L'idea secondo cui la
concorrenza internazionale nuoce ai lavoratori poco qualificati riposa,
infatti, su una visione parziale e tecnica, invece che su una visione
generale ed economica (cioè umana). Essa risulta generalmente dalla
seguente considerazione: oggi gli stessi macchinari sono disponibili in
tutto il mondo per produrre, per esempio, tessuti. La produttività
(tecnica) della manodopera è dunque la stessa dappertutto e se i salari
reali sono molto più bassi in un Paese, i capitalisti vi
"delocalizzano" la loro produzione. Ma se questa ipotesi fosse
vera in linea generale e se si potesse ottenere la stessa produttività
ovunque, i salari sarebbero più o meno gli stessi in qualsiasi posto. E se
non lo fossero - come accade - i tassi di profitto, nei Paesi con salari
bassi, dovrebbero essere assolutamente favolosi, ulteriore dato che non si
produce.
Colpisce però la
constatazione che alcuni imprenditori europei rimpiangono le
delocalizzazioni effettuate e rimpatriano in Europa alcune delle loro
attività, ad esempio perché le norme di qualità non sono rispettate,
perché i tempi di fabbricazione sono fantasiosi, eccetera. Ciò costituisce
la prova che i bassi salari non compensano necessariamente le differenze di
produttività. E ciò significa anche che la produttività non dipende
essenzialmente dai macchinari, ma da tutta una serie di elementi più o meno
immateriali (l'organizzazione del lavoro, lo spirito d'iniziativa, la
disponibilità degli altri fattori di produzione, il contesto giuridico e
fiscale, eccetera). E' possibile che, per quanto riguarda alcune attività
particolari - prodotti di largo consumo e di scarsa qualità - la tecnica di
produzione giochi un ruolo relativamente importante per spiegare la
competitività dei produttori. Ma non è il caso di tutte le produzioni.
Ci si dimentica troppo
spesso del fatto che la teoria dello scambio mostra che sono le differenze
relative che contano, e non quelle assolute. Che cosa implica tutto ciò?

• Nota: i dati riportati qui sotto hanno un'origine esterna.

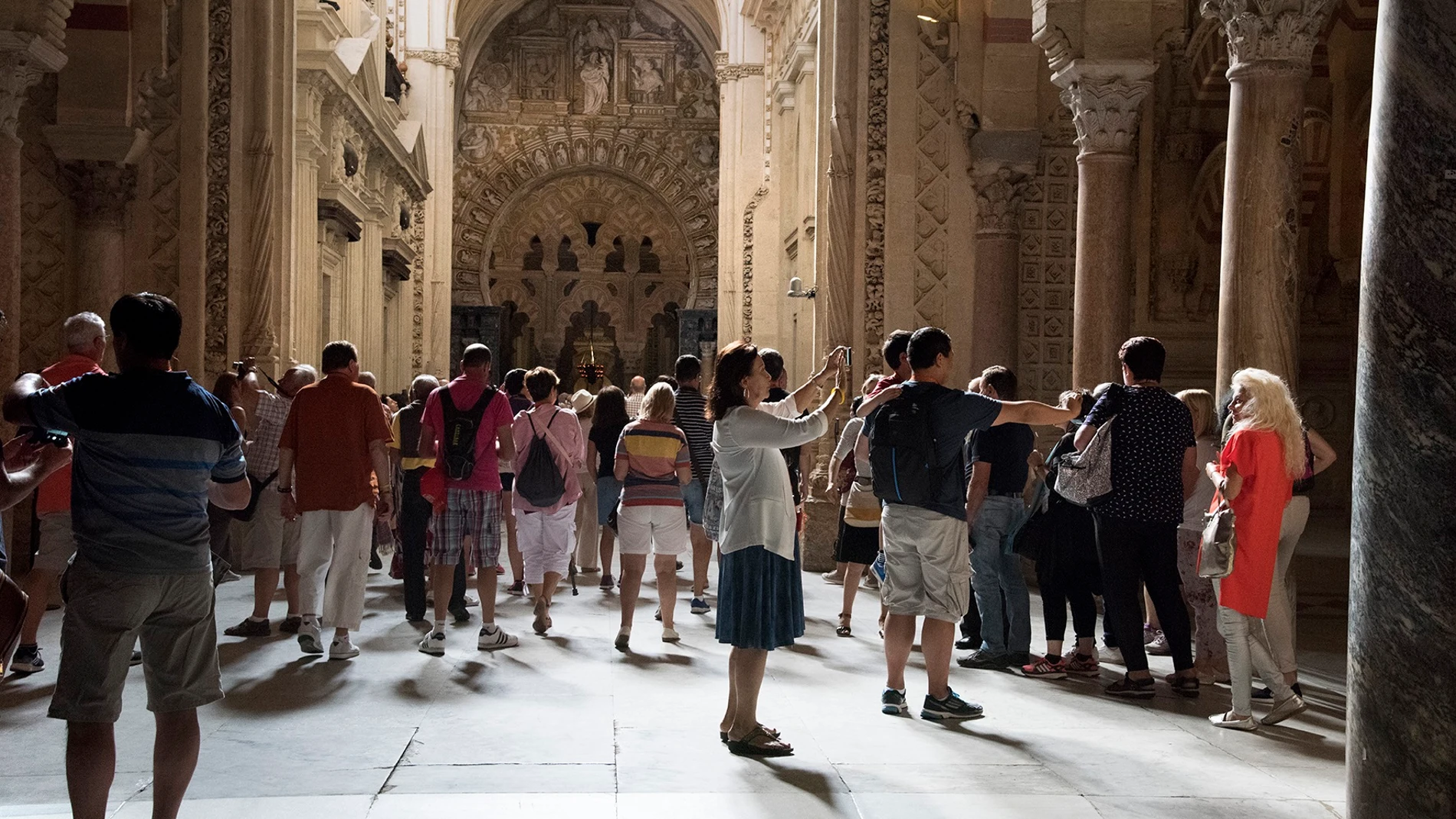Turistas en el interior de la Mezquita-Catedral de Córdoba. CABILDO CATEDRAL DE CÓRDOBA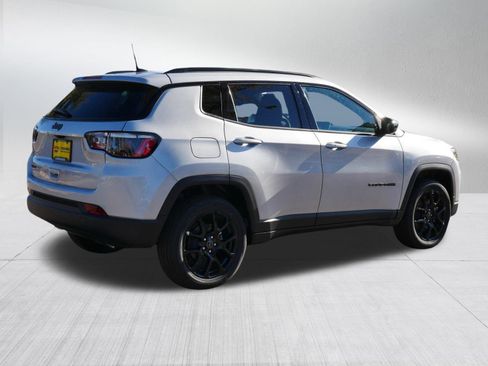 New 2026 Jeep Compass Latitude image 7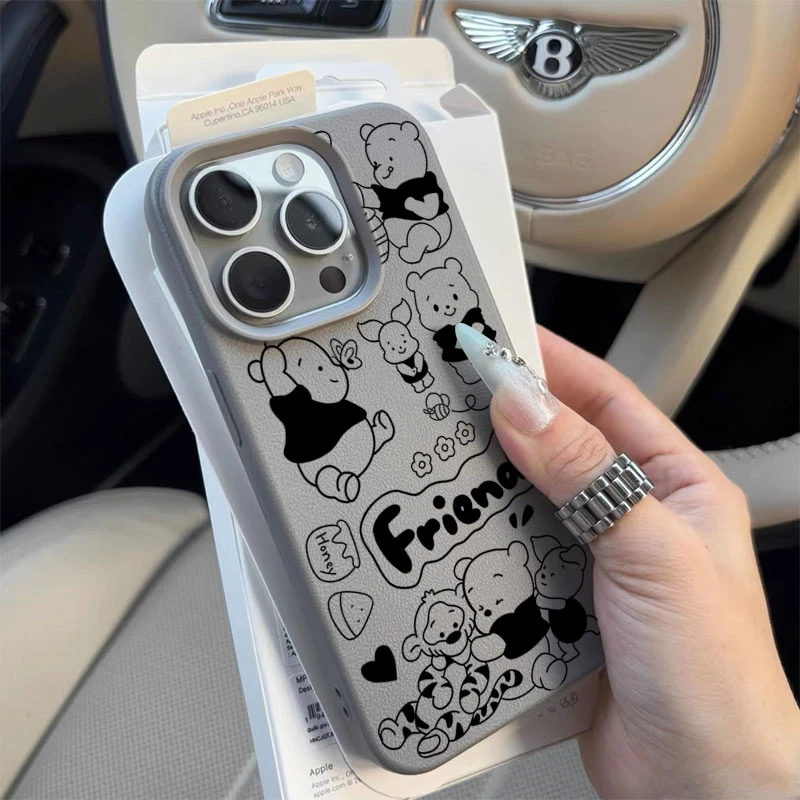 黑色素描维尼熊适用苹果1615手机壳iPhone14promax13荔枝纹12软11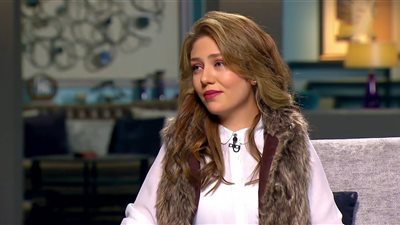 رحمة حسن توجه رسالة لأصدقائها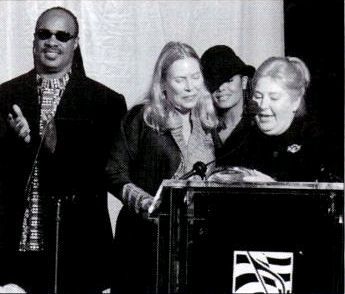 ASCAP president Marilyn Bergman presents Joni with the Founders Award. Stevie Wonder and Janet Jackson accompanied Joni. 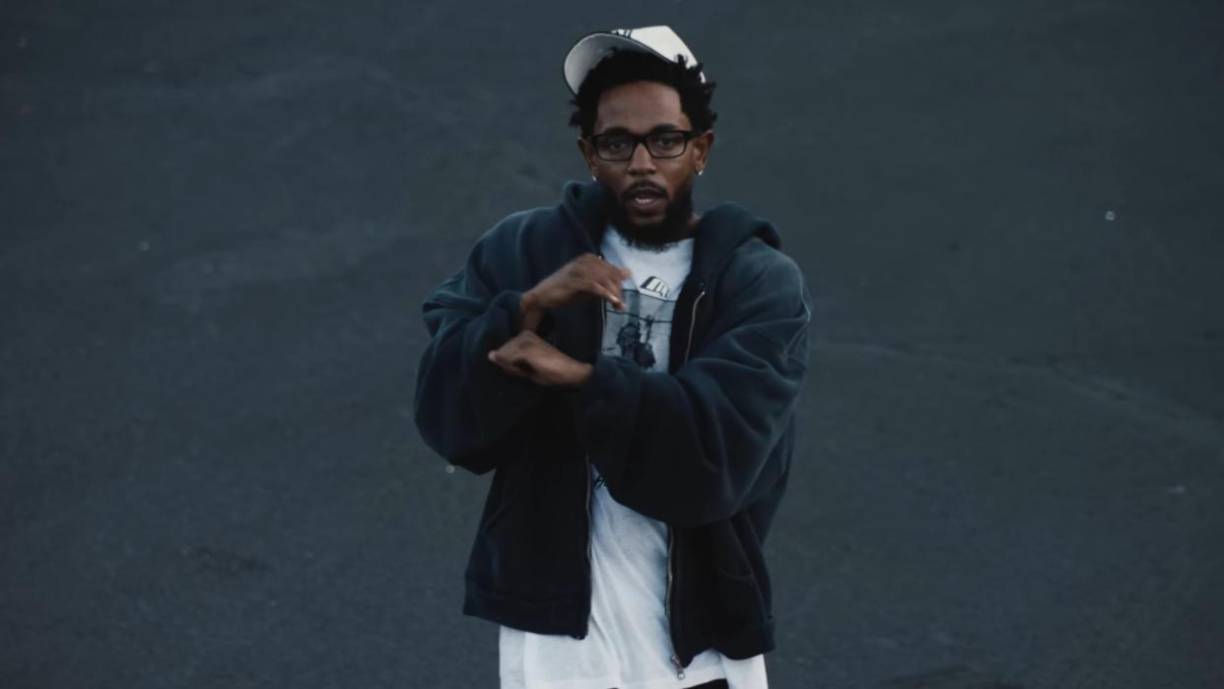 A los 16 años, lanzó su primer mixtape bajo el seudónimo de K-Dot, ‘YHNIC (Hub City Threat: Minor Of The Year)’ (2004). A este le siguieron ‘Training Day’ (2005), ‘No Sleep Til NYC’ (2007), ‘C4’ (2009) y ‘Overly Dedicated’ (2010); además del EP ‘Kendrick Lamar’ (2009).Y ya en 2011, Kendrick Lamar presentó por fin su primer álbum, ‘Section.80’. Lo hizo como músico independiente, vendiendo 5.000 copias en una semana pese a carecer de publicidad en los medios.Haciendo historia en el rap.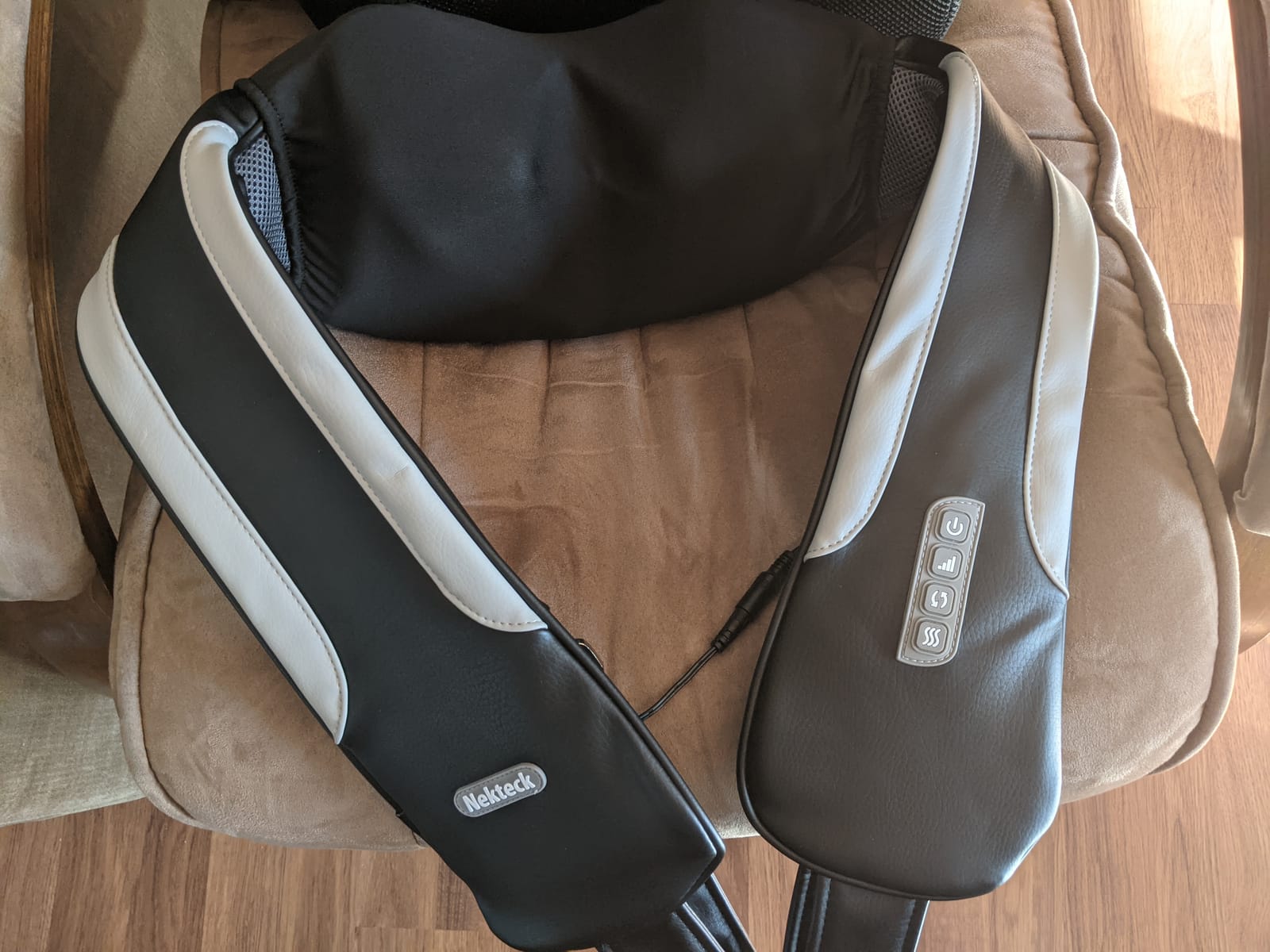 Nekteck Shiatsu Neck Massager with Heat, 2026 Upgraded Cordless Massage customer photo 2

Supponiamo che esistano due Paesi, A e B, e un'attività i, nella quale il
know-how è poco importante e la produttività dipende soprattutto dalla
macchina alla quale il lavoratore è associato, in modo che si possa avere,
nel mondo intero, esattamente la stessa produttività. Se il salario è più
basso in B rispetto ad A, il profitto sarà molto più alto nel primo Paese
perché la produttività è uguale nei due Stati e siamo in situazione di
egualizzazione internazionale del prezzo del bene i. I produttori di A hanno
dunque interesse ad abbandonare l'esercizio dell'attività in A ed a
delocalizzarsi, cioè a investire nell'attività i del Paese B. Se ne
deduce, in generale, che i lavoratori (poco qualificati) di A, che lavorano
nell'attività i, finiscono per essere disoccupati. Ma questa
interpretazione è parziale e non tiene conto del funzionamento dell'insieme
dell'economia.
In effetti, per
ipotesi, essendo i e j due attività differenti, la caratteristica presa in
considerazione precedentemente per i - cioè il ruolo dominante delle
macchine nella determinazione della produttività - probabilmente non si
riscontrerà, o perlomeno non allo stesso livello, nell'attività j.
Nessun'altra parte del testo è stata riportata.